━━━ Records shown

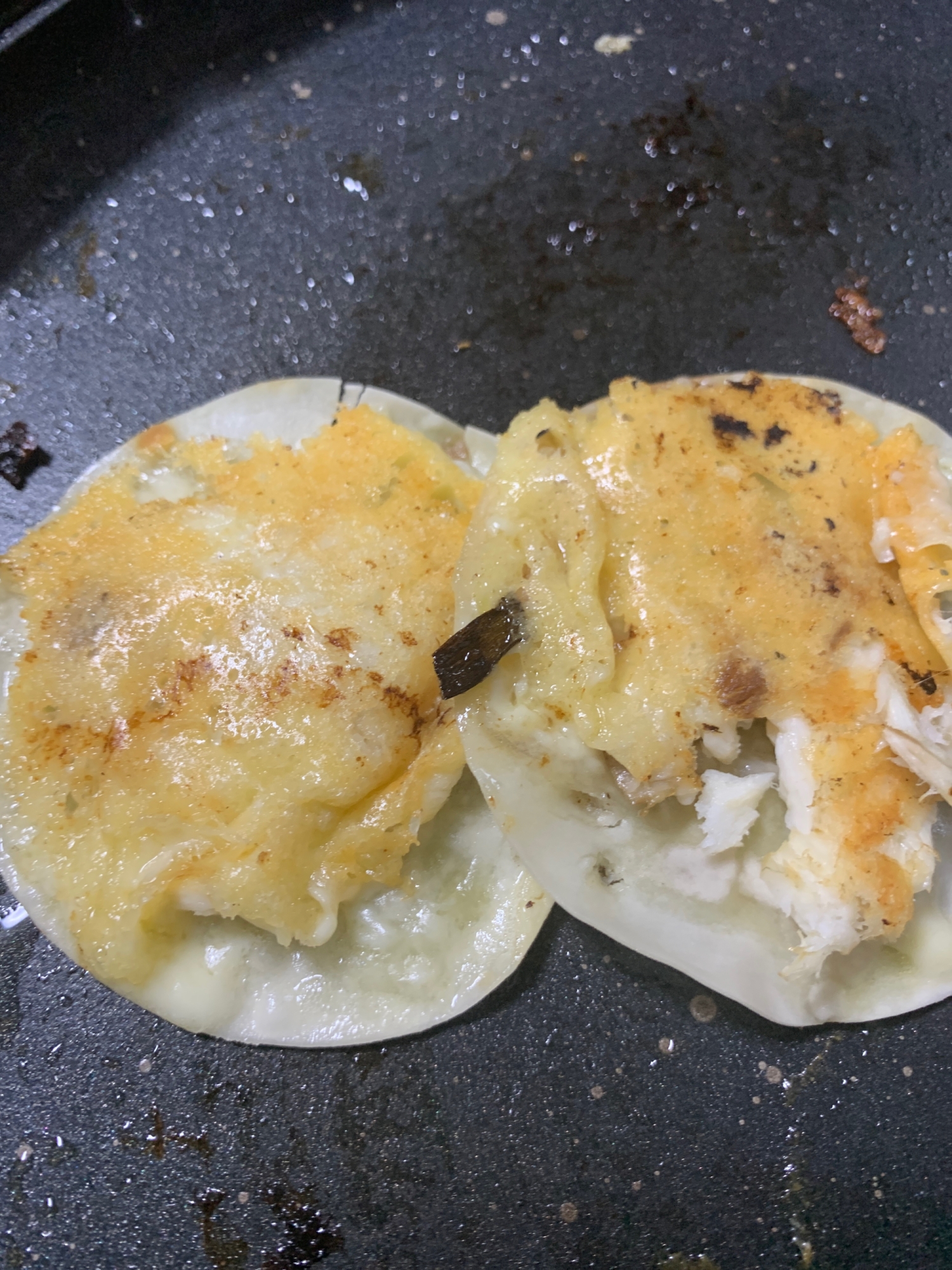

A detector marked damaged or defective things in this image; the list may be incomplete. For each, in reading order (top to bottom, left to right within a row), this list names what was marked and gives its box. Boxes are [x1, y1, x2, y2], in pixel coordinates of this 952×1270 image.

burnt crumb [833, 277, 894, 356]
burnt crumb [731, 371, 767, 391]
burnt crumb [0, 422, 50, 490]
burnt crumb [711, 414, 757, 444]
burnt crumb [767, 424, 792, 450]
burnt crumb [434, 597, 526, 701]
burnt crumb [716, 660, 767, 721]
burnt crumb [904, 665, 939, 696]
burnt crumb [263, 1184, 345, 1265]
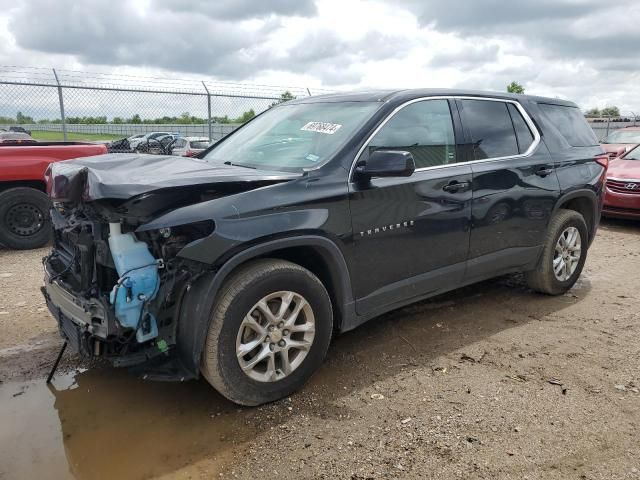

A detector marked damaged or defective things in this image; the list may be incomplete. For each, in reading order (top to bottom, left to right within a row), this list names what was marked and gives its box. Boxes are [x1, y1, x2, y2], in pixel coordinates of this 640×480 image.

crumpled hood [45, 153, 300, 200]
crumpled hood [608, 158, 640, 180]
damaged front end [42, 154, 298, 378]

━━━━━━

§ **What is needed**:
Repeat, exactly, every line from the one containing "this 640×480 image." through the final line of the listing above, adding nothing.

§ **Response**:
A detector marked damaged or defective things in this image; the list may be incomplete. For each, in reading order (top to bottom, left to right within a row), this list names what was marked and gives its box. Boxes are [x1, y1, x2, y2], in pixel coordinates of this 640×480 image.

crumpled hood [45, 153, 300, 200]
crumpled hood [608, 158, 640, 180]
damaged front end [42, 154, 298, 378]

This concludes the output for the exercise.